Face à ce même virus, les « riens » d’hier sont devenus en paroles les « héros » d’aujourd’hui. Mais, chez les capitalistes et leurs serviteurs, les actes ne rejoignent pas les paroles : la priorité du gouvernement a bien été de promulguer des ordonnances rétrogrades pour exploiter toujours plus les salariés tout en laissant péricliter les moyens de production qui nous font pourtant cruellement défaut : masques, ventilateurs, médicaments…

Plutôt que de nationaliser les entreprises de ces secteurs vitaux, plutôt que de rétablir l’ISF ou de ponctionner les dividendes records qu’ont pu se verser une minorité d’exploiteurs (les avances sur dividende 2020 déjà versées ne peuvent de surcroît pas être reprises avec la législation actuelle), la priorité du Gouvernement a été d’appeler à la générosité de ceux « qui sont tout » et qu’ils espèrent croiser dans les gares tout en amenuisant le droit des travailleurs.
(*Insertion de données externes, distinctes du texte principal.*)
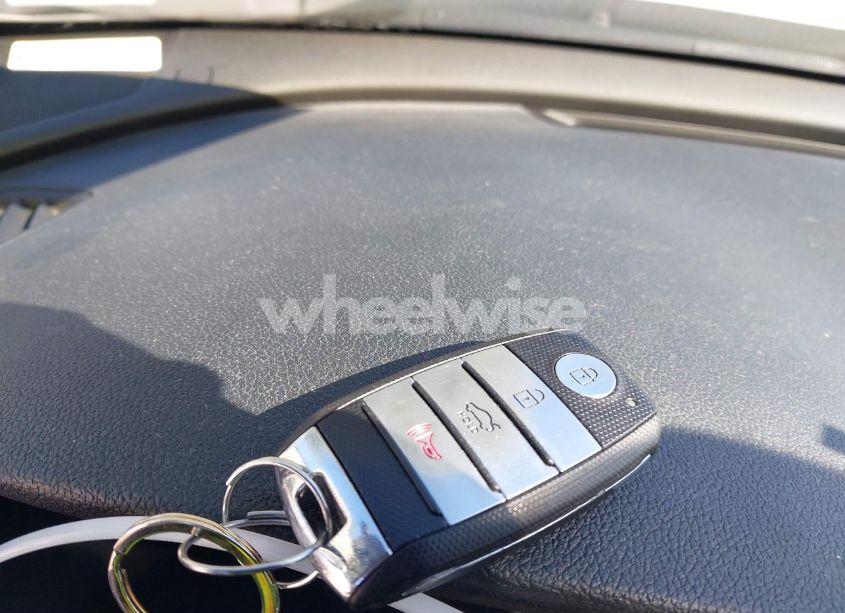 Photo 11 of 2016 Kia Optima EX (VIN 5XXGU4L39GG064837)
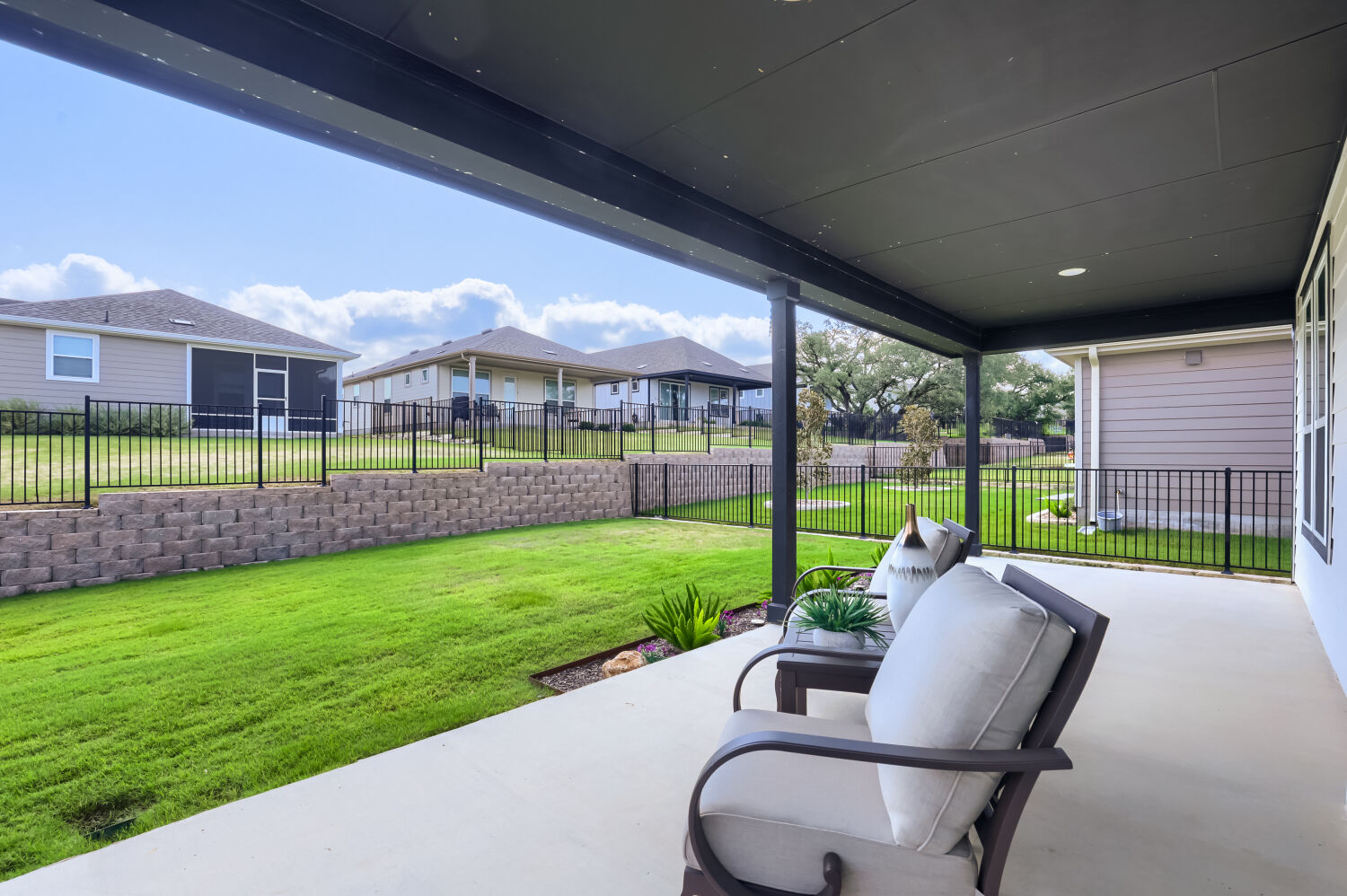 main property photo 22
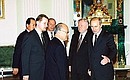 Встреча с председателем Конституционного суда Республики Корея Ким Ем Чжуном (в центре). (Второй справа: Председатель Конституционного Суда России Марат Баглай.)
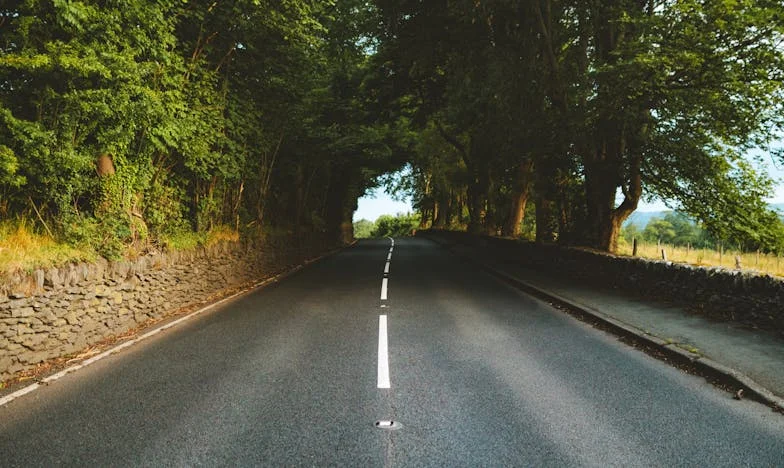 Když sousedství ukáže svou pravou tvář: Příběh Marie a Josefa z Křižíkovy ulice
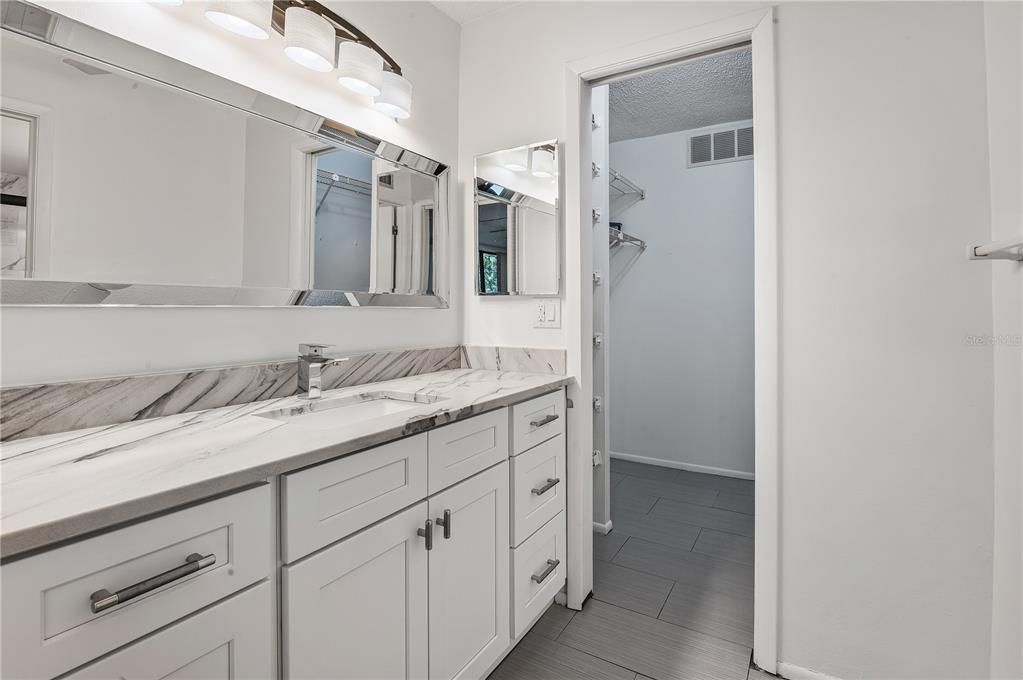 Под контрактом: $194,900 (2 спален, 2 ванн, 955 Квадратных фут)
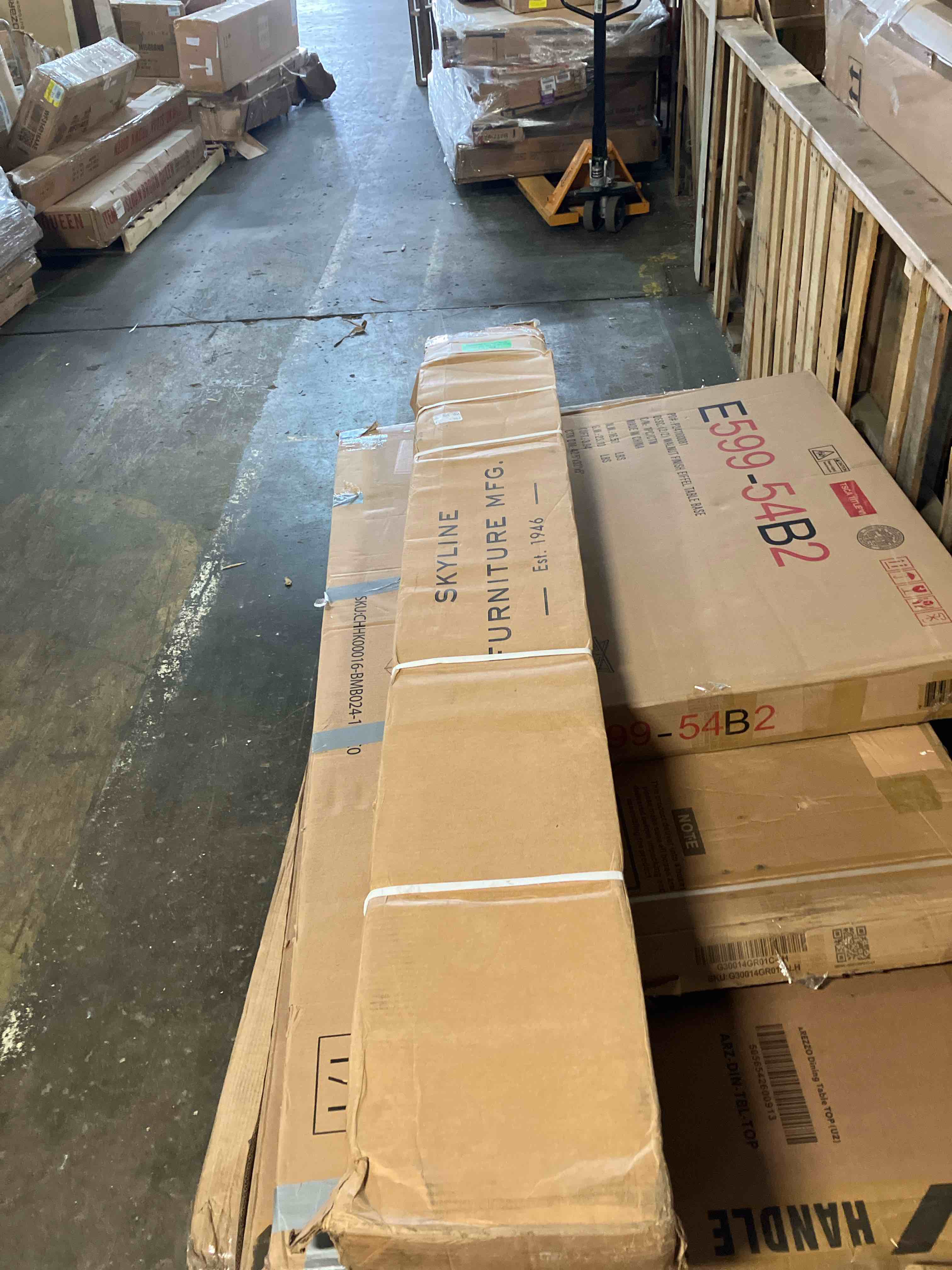 https://s3.amazonaws.com/lotting-images-prod/phillipi/TEA3373772_1749057167135.jpeg
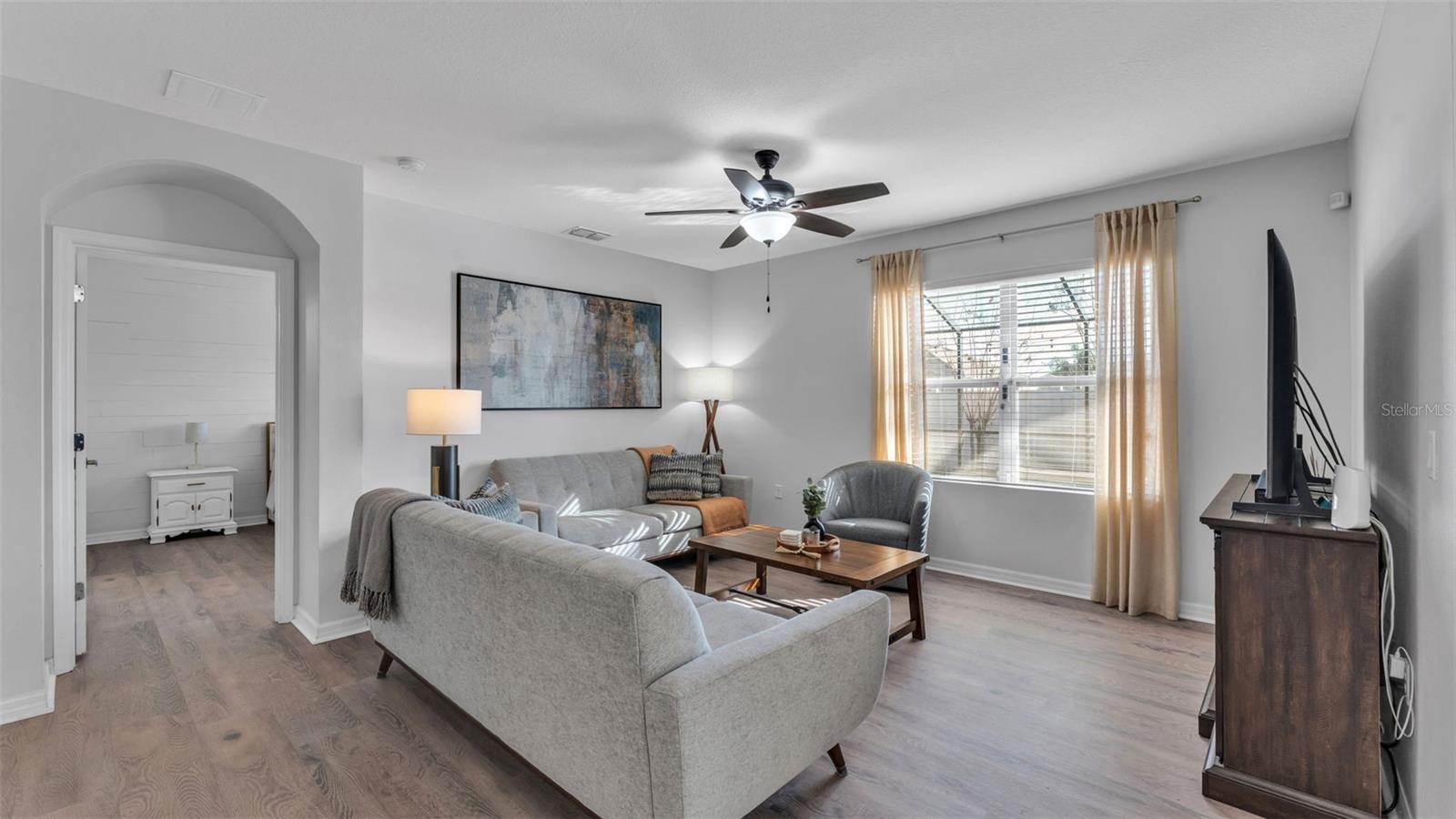 LYLE OAKS - Residential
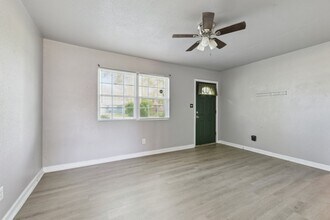 1604 Parklane Dr in Sauget, IL - Building Photo - Building Photo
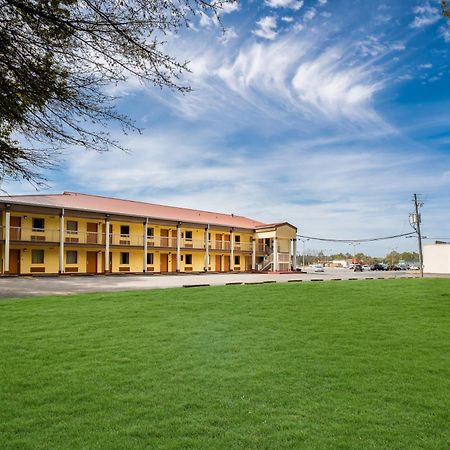 Americas Best Value Inn-Montezuma Eksteriør bilde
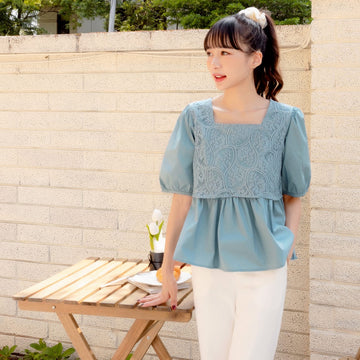 Korean Square Neck Layered Eyelet Lace Puff Sleeve Top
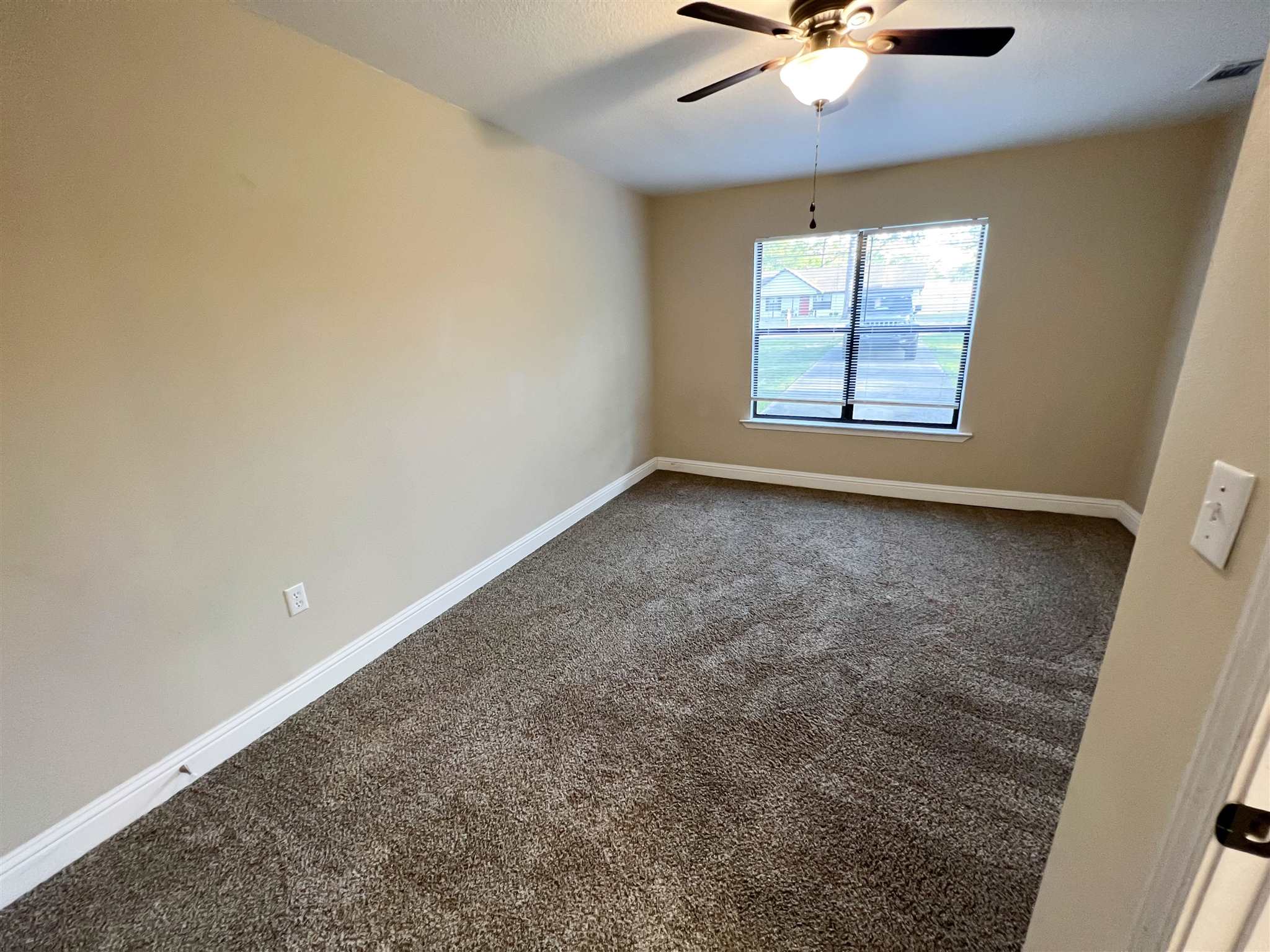 362 John King Road Crestview, FL 32539 - Photo 8 of 19 Gallery Image 8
Pour sortir de cette crise dignement, il faudra plus que ces quelques espoirs de dons : la réappropriation par les salariés des pans essentiels de l’économie est l’unique moyen de réorienter la production vers la réponse à nos besoins. Il nous faut également redonner à notre police et notre armée leur mission première de servir les citoyens et leur donner les moyens nécessaires à cette mission. Avec des moyens, peut-être auraient-ils pu déployer des hôpitaux de campagne sans délais… et par la même contribuer à sauver des vies ?

Enfin, ce sont les salariés eux-mêmes qui doivent – et savent – décider des conditions dans lesquelles ils assurent la production nécessaire et ce qui constitue une « activité vitale et essentielle » pour répondre à la crise actuelle. Et pour cela, il n’est pas besoin d’ordonnance rétrogrades, ni de police coercitive. Malgré le manque de moyens, des millions de citoyens nous montrent chaque jour leur exemplarité : soignants, agents d’entretien, caissières, éboueurs, ouvriers, cadres, techniciens, professeurs…

D’ailleurs, des centres « Covid » ont été ouverts spontanément aux quatre coins du pays par des personnels médicaux bénévoles, et la solidarité dans les quartiers s’est mise en marche rapidement, comme dans ce Mac Do marseillais réquisitionné par ses salariés pour distribuer de l’aide alimentaire aux familles en détresse.

Nous sommes tous présents pour ces activités essentielles : nous soigner lorsque nous sommes malades, nous apporter l’électricité nécessaire à nos logements, nos hôpitaux et nos industries, ramasser nos déchets pour que nos lieux de vie ne se transforment pas en décharges à ciel ouvert, et nous nourrir lorsque l’urgence devient vitale…

Sans ces mesures radicales, l’après crise sanitaire pourrait prendre un virage toujours plus rétrograde, comme ce fut le cas après la « bulle internet » de 2000 ou après la crise « des subprimes » de 2008 : un virage qui ne ferait que renforcer les exonérations pour les capitalistes et réduire toujours plus les droits et les moyens pour les « riens » que nous sommes à leurs yeux.

Le capitalisme ne désarme jamais, il nous appartient de contre-attaquer jusqu’à l’expropriation des fraudeurs sociaux et fiscaux, jusqu’à la réquisition de nos moyens de production. Les exonérations de plus en plus importantes dont bénéficient les capitalistes sont semblables à un vol des produits de notre force de travail. Un accaparement des richesses que nous avons produites et que les capitalistes réquisitionnent à leur seul profit. En expropriant les capitalistes, nous nous réapproprierons les moyens de production nécessaires pour financer nos services publics.